Understanding Children's Development has proved to be an extremely useful book within the area of psychology and how children develop ideas around gender. The book talks in great detail about the types of psychological experiments, models of human development and specific theories about the development of gender which are key to my studies.
Types of experiments -
Cross-sectional design: In a cross-sectional design, an investigator might look at several age groups simultaneously. For example, she might record language ability in 3-year-olds and 4-year-olds, at the same point in time. The cross-sectional design is quick to do, and is appropriate if the main interest is in what abilities or behaviours are typical at certain ages. Because of the convenience in this method, the majority of developmental studies have been cross-sectional.
Longitudinal design: In a longitudinal design, the investigator follows certain individuals over a given time period, measuring change. For example, our investigator might have recorded the language ability for a sample of 3-year-olds and a year later visited the same children to get a sample of what they can do as 4-year-olds. Longitudinal designs are generally preferable if the focus of interest is in the process of change, and the relationship between earlier and later behaviour.
Cohort design: Here, different cohorts (i.e. samples of children born in different years) are compared at the same ages. This design will inform us of the image of historical change. For example, if we compare the leisure activities of 8-year-old children born in a Western society in 1930, 1960 and 1990, we will see changes influence by (among other factors) the advent of television in the 1950s an and the widespread use of the internet and mobile phones in the 1990s.
Social Learning Theory -
The answer often seems to be that parents do behave differently towards boys and girls. Besides the cross-cultural evidence referred to above, observations have been made in homes and nurseries in Western Societies. For example, Fagot (1978) studied children aged 20-24 months in American homes.
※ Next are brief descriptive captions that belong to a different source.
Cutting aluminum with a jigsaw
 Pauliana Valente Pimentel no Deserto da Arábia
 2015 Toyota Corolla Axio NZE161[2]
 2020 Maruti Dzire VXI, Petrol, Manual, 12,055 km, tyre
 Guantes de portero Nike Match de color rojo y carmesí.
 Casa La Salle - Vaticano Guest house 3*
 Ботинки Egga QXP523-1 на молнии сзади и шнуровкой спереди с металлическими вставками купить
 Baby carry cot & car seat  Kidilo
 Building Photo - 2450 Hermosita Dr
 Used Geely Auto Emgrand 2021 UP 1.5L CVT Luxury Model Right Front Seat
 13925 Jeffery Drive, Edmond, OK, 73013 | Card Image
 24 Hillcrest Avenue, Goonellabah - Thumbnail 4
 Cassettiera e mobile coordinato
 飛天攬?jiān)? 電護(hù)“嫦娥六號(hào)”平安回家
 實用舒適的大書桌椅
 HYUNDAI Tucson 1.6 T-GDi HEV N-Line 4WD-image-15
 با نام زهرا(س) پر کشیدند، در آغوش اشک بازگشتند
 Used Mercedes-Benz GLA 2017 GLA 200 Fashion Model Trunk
She found that girls were encouraged by their parents to dance, dress up, follow them around and play with dolls, but were discouraged from jumping and climbing; boys, however, were encouraged to play with blocks and trucks but discouraged from playing with dolls or seeking help.
Cognitive Development Theory -
Children tend to imitate same-sex models and follow sex-appropriate activities, because they realise that this is what a child of their own sex usually does. This process was termed self-socialisation by Maccoby and Jacklin (1974), since it does not depend directly on external reinforcement.
What evidence is there for this cognitive-developmental view? In a number of studies, the development of gender identity and constancy has been found to correlate with the degree of sex-typed behaviour. For example, in a study of 2- and 3-year-olds by Weinraub et al. (1984), it was found that the children who had achieved gender identity more securely were also the ones who were observed to make more sex-stereotyped toy preferences. In another study of 4-6-year-olds (Ruble et al., 1981), the level of gender constancy was measured, and each child was shown a film of either same- or opposite-sex children playing with a new toy. Only children high on gender constancy were influenced by the film; if a child high on gender constancy saw opposite-sex children playing with the toy, that child avoided playing with it subsequently.
Social Cognitive Theory -
Social cognitive theory (Bussey & Bandura, 1999) in effect draws together the ideas of social learning theory and the cognitive developmental and gender schema insights; which, after all are complementary rather than antagonistic. Social cognitive theorists stress the variety and complexity of mechanisms that are at work - for example:
Self-regulatory mechanisms - children monitor their own behaviour with reference to a self-accepted standard of what is appropriate
Identification with a peer group - monitoring their behaviour in relation to how they expect same-sex peers might react.
Motivational mechanisms - children are most likely to imitate behaviour that they think they can master and that will enhance their self-efficacy and self-esteem.